> [DATASET CONTENT]
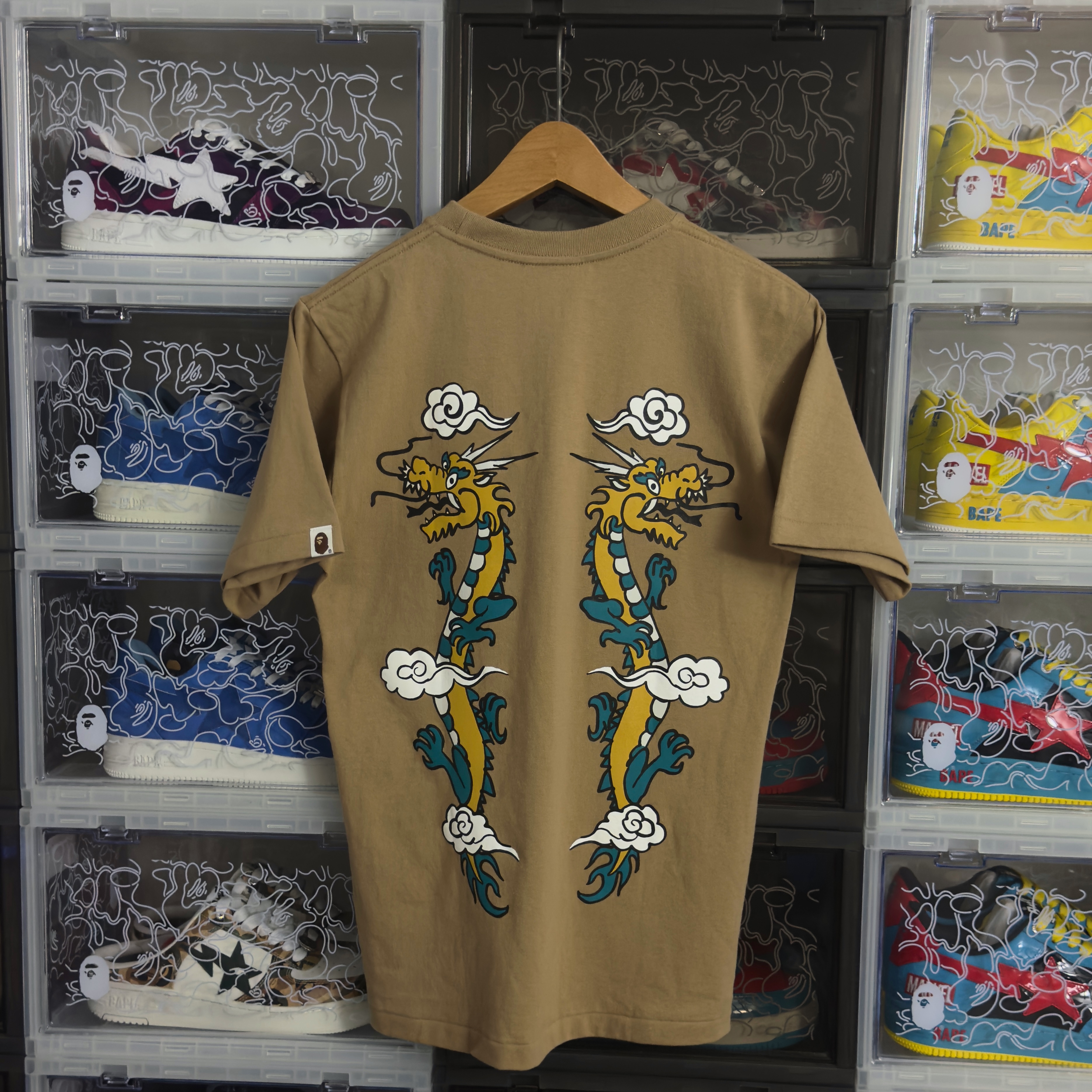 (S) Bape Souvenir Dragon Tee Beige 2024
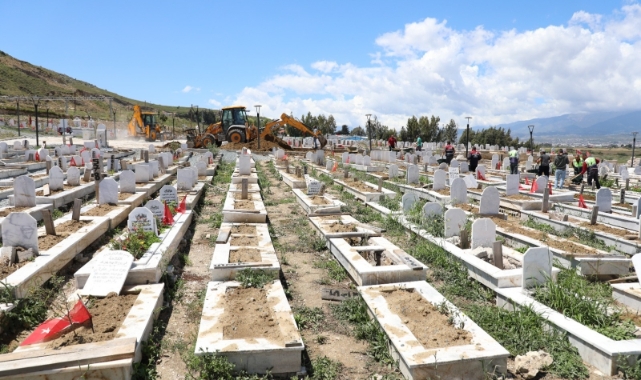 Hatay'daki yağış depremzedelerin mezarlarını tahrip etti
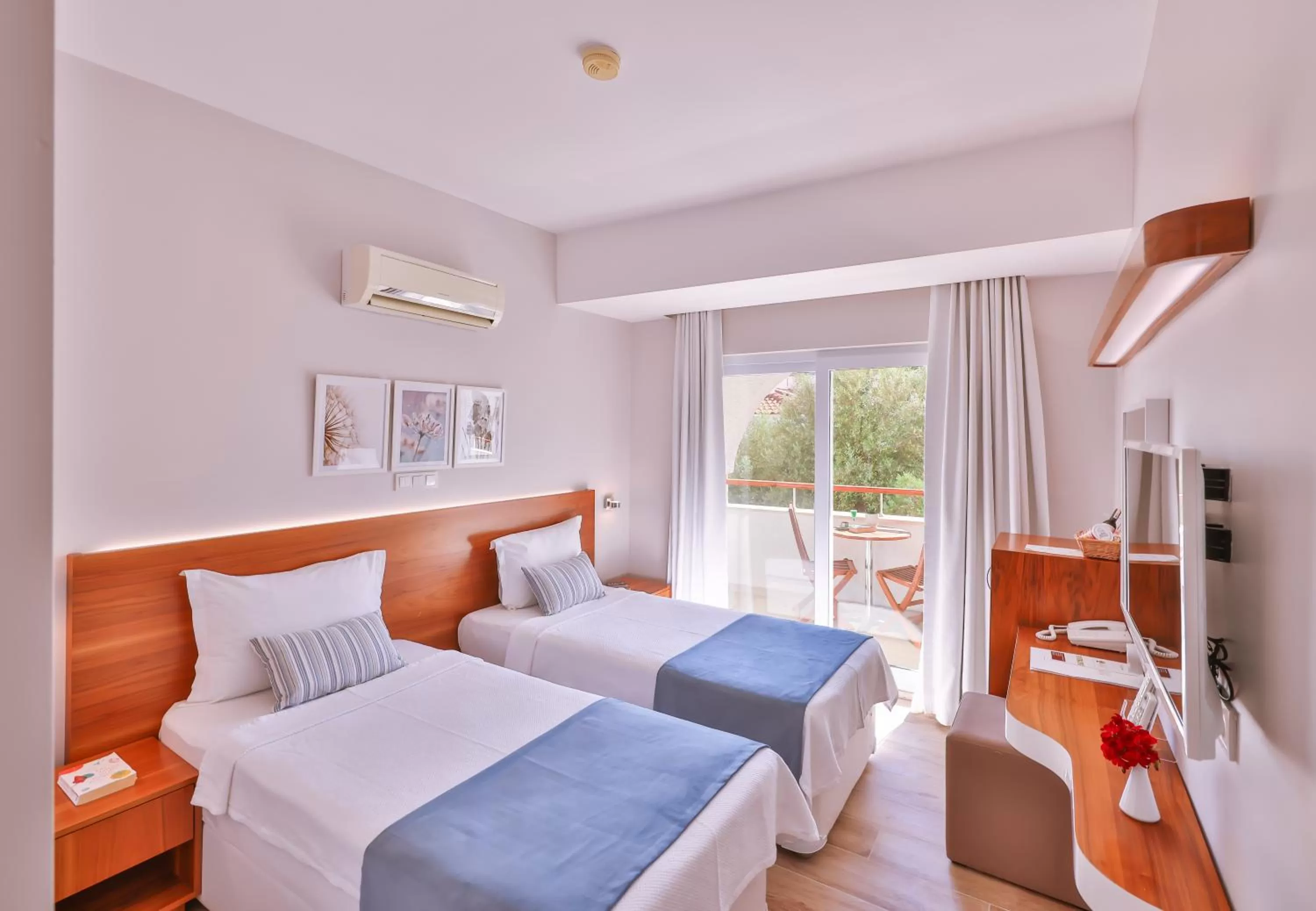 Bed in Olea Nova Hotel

> [WHAT YOU ARE ASKED TO DO] The answer should consist only of the lines from the line with "Hatay'daki yağış depremzedelerin" through the last line of the data, repeated exactly; pictures stay out.

> [WRITTEN SOLUTION]
 Hatay'daki yağış depremzedelerin mezarlarını tahrip etti
 Bed in Olea Nova Hotel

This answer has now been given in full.